Few people, but for Indians, have ever said an Indian character on film or television was their hero. We can change that.

 

The Ticci Man - An Indian Hero

The crown jewel of the Ticci Man Project is not the do-all or end-all to heroes, but it is a relative novelty in Hollywood---an Indian hero presented by Imajilan Pictures™ and he will hopefully, someday, be allowed to shine in a major Hollywood studio motion picture--on that day, we might say Hollywood now gets it! 

 

Imagine Native American children having their big screen and little screen hero that they can indentify with---a heroe that symbolically shows Hollywood has learned it's lesson and it trying to change---a hero that will pave the way for many more Indian heroes! It may be a small thing to most of us who have never walked in the Indian's shoes, but it's actually a monumental step forward for Native America and Hollywood.

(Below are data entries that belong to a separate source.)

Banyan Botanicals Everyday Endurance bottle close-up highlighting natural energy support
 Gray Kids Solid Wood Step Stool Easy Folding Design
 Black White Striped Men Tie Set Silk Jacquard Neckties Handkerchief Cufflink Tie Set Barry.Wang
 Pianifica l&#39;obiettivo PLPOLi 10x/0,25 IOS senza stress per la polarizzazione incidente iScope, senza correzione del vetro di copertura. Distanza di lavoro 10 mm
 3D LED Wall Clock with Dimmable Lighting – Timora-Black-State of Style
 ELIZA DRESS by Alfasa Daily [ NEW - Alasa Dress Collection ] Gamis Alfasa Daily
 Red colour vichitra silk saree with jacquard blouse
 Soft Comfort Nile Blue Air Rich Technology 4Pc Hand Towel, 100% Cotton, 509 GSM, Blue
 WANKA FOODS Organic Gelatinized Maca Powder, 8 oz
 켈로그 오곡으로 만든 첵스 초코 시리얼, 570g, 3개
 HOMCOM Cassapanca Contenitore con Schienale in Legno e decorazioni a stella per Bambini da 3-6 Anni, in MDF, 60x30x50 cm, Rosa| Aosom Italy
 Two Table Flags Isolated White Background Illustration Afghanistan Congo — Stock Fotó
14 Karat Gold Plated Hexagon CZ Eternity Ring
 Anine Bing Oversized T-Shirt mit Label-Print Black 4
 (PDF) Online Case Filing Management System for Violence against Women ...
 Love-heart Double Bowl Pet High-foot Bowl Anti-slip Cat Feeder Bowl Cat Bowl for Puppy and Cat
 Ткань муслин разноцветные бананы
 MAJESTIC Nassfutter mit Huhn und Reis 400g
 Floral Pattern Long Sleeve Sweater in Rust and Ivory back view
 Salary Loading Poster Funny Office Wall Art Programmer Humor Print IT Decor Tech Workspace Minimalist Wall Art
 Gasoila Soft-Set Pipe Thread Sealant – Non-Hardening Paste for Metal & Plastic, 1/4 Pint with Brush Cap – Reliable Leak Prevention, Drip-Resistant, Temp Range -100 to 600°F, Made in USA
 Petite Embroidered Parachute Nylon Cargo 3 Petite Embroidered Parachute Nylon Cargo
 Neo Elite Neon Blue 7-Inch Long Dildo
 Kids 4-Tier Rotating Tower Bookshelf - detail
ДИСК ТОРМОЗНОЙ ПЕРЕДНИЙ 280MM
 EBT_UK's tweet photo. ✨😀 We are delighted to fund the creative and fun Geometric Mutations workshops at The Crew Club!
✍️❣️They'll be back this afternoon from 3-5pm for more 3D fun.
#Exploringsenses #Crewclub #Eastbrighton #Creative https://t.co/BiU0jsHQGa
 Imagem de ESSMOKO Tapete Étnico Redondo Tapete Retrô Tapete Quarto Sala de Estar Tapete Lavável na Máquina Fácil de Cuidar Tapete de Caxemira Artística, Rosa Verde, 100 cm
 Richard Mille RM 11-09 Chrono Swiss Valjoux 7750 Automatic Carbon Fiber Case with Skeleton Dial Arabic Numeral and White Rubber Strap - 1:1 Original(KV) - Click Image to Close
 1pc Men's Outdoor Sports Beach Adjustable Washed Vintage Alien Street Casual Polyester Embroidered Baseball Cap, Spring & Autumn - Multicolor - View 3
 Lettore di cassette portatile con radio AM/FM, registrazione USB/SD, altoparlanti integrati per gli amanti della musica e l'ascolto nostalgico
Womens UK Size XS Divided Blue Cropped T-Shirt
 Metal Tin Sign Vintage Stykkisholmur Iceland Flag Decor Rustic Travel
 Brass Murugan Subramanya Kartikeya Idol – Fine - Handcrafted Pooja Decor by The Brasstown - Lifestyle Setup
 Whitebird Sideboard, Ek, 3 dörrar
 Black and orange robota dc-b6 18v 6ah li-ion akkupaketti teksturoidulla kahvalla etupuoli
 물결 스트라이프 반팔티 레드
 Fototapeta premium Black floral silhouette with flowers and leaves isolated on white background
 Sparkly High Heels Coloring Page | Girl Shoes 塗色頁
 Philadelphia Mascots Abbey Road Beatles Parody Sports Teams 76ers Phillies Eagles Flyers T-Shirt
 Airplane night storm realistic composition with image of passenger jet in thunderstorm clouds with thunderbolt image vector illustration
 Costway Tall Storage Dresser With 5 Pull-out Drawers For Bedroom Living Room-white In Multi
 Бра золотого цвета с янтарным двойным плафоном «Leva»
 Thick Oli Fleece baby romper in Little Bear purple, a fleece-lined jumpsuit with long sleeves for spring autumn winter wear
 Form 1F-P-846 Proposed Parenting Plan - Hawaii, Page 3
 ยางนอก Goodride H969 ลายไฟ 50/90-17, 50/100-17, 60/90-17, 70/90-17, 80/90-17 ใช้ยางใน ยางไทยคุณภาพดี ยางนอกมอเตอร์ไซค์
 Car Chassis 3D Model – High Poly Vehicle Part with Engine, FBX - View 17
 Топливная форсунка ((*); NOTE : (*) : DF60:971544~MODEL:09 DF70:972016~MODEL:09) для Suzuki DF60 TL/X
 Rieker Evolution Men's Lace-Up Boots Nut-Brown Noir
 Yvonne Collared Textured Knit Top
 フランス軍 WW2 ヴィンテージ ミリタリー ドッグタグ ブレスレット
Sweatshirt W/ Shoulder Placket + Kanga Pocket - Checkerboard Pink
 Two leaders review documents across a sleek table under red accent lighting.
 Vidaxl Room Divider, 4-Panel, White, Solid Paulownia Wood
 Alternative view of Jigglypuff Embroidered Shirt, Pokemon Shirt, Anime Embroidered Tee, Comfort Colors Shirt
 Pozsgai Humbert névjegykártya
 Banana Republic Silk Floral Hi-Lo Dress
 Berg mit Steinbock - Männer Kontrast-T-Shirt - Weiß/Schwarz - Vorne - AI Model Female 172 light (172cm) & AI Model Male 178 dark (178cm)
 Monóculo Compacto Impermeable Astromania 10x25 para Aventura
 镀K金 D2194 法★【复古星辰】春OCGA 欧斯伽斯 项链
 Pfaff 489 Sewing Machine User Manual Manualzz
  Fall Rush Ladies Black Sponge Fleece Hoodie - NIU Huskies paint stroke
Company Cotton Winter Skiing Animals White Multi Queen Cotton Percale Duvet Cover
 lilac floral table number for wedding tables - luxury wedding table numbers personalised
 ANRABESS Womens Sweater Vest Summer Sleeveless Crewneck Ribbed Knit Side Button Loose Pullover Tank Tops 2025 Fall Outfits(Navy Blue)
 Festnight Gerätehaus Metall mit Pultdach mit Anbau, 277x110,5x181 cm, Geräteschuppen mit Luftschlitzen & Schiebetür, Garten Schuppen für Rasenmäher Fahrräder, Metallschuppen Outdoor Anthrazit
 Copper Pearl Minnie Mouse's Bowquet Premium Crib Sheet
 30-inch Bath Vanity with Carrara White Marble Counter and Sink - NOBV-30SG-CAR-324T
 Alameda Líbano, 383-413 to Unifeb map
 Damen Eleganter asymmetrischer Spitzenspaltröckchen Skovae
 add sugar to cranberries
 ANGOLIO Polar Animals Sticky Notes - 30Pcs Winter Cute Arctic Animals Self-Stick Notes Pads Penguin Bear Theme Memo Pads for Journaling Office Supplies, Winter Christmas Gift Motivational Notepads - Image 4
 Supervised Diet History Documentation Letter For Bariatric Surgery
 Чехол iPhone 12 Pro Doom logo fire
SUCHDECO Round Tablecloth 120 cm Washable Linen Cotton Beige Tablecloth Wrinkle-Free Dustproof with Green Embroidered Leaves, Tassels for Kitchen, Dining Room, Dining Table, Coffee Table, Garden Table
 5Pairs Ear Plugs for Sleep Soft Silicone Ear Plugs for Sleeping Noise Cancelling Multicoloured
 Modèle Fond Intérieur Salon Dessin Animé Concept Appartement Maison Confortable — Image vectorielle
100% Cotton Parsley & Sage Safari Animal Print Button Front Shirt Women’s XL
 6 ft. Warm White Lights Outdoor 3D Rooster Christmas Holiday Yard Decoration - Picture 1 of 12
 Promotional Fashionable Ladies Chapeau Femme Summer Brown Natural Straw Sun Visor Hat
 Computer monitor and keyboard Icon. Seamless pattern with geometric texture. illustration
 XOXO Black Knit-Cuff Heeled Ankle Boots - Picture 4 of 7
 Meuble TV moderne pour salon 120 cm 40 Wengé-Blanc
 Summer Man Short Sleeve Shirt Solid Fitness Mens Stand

You can either support it, or tear it down and show your ignorance, but one thing is for sure, this project is more than needed, it's destiny in the making, for it's time has come--the Indians have well earned it.

 

Ironically, Ticci Man was never meant to be a hero for Native Americans---amazingly---but instead, to be a hero to the world who would routinely showcase the greatness of Native America itself---and within that subtle difference in hero approach, we find the essence of makes Ticci such a magnificent hero to Native America---and in turn, to all of us. Or so we can hope to see and realize one day.

 

We must grow up as an industry and society and in growing, we are going to discover just how incredibly stupid we have been for what we have been missing---for most Americans will come to realize how extremely proud they should be to be living in the land of the American Indian---a magnificent people whose rich culture and stories and heroes are astoundingly magical and simply amazing--one day to be revealed to us all for their true greatness and grace. I for one, pray I get to see it before I exit this world.

 

When I first embarked on the Indian hero story, I was an idealist who saw humans, not races, and never realized that Hollywood would be the ultimate and insurmountable obstacle to a new kind of hero--an Indian hero of the iconic class--a once in a lifetime character that every kid in the world could look up tp and root for. Ticci Man was a dream from my childhood, a person who visited me from time to time--strangely different, unique, funny and magical and fierce all at once--an other world being who spoke to me regularly and said he was coming to our world. But like all heroes, he is nothing to this world unless his stories are shared. And he has been fighting a very long time to to do that, to survive, so that one day his legends may be known to the world--very much like, no I would say exactly like, the Indians of today---for his plight is the quintessential reason for naming this nonprofit project after him. 

 

We all need heroes---give the Native Americans at least major icon--they have well earned it. And let that hero pave the way for untold others to come... Let us together, recognize the past failings of humanity and the unspeakable horrors immortalized in a "Trail of Tears", and begin the healing and rebuilding process that we might future-tell our children instead of the "Trail of Cheers".

 

 

 

 

*Terminology

We use the term Native American (NA) in the purely anthropological sense to denote "aboriginal people of the Western Hemisphere," which includes a wide variety of self-descriptive nomenclatures, including Canada's First Nations People and many others of the American continents and Pacific Island groups. When more specific descriptions are used, they will include current country of origin or commonly known tribal names (i.e. Mohawks of the Bay of Quinte, Dine, etc.).